Mozilla Organizes Game Creating Contest, Prizes Worth $45,000
sfcrazy writes "Mozilla, the organization behind Firefox browser and operating system, is organizing a contest for creating games. They have teamed up with Goo Technologies for Mozilla and Goo's Game Creator Challenge to engage 'budding' game creators. The game contest is aimed at showcasing powerful open source technologies developed with the help of Mozilla at the same time building a loyal gaming community around these technologies."
I see a problem with testing entries. The article mentions an engine that relies on WebGL, but when I use Firefox 25.0.1 on Xubuntu 12.04 LTS on my laptop to try to view the first Google result for WebGL test, all I get is "Hmm. While your browser seems to support WebGL, it is disabled or unavailable. If possible, please ensure that you are running the latest drivers for your video card." The error message persists after the daily sudo apt-get update && sudo apt-get upgrade. What can be done besides buying a new computer?

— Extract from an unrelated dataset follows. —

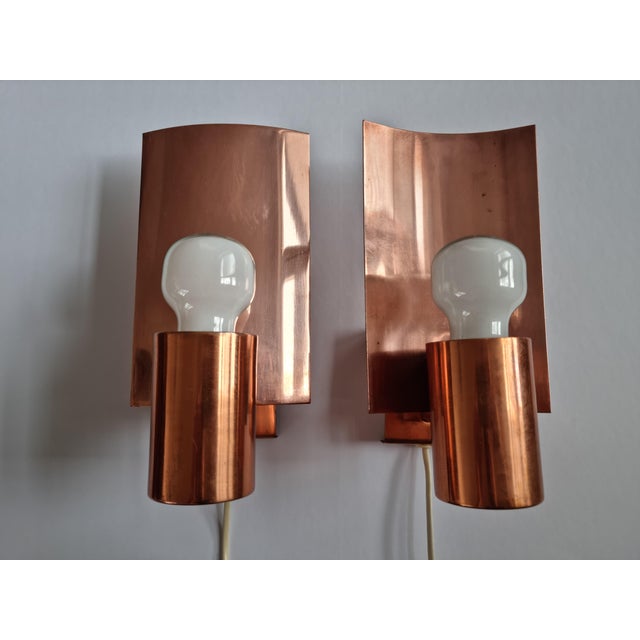 Mid-Century Copper Wall Lamps, Denmark, 1968, Set of 2 For Sale - Image 6 of 18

Mmmm, more proprietary software.... Sure, that's what the world needs!
The biggest problem with game creation is that while programmers are ready and willing to code in for contents/open/free software... artists are less inclined. If they had wanted to do this properly, they'd pay for a set of game assets to be used in the contest.
With the exception of the "amateur" category, the games don't have to be free software. So Mozilla is paying people to write proprietary games.
Bad move.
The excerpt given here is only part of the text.